6. Wasted Spend on Irrelevant Clicks
There is also a strong possibility that your keyword list, if not properly optimized, will trigger ads for irrelevant queries. An increase in irrelevant impressions will also increase the probability of irrelevant clicks, which will result in wasted money.
7. CPCs will Increase AdWords-wide
An increase in the number of possible keyword combinations that could win the AdWords lottery artifically inflates the compeitition for keywords. Think of the keyword space as the bullseye at the center of a dartboard. Lets say two competitors have, each, 50% of their keywords overlapping. So this would look sort of like a Venn Diagram. (follow me for a second…)

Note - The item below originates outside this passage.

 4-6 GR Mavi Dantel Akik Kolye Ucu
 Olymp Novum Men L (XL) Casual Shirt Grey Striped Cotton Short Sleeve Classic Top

Adding the keyword match settings will increase your reach or amplitude by one ring on the dartboard. Think about the range of opportunites (and increased overlapping opportunites) which now present themselves. Look at how much more area is “overlapping” on your dartboard. I should also point out that this “extra ring expansion” was not due to a budget increase, keyword list increase, or anything else but a simple campaign setting. That in itself defies basic economic laws.
I think this will give the illusion that there are more competitors in a space than there actually are. I think that increased impressions and number of qualified queries for an ad will absolutely increase the competition for a lottery and lead to increased CPCs. Again, this hasn’t been tested on any real PPC accounts yet; we may find that this accusation is false.
I’ve rambled enough. What are your thoughts?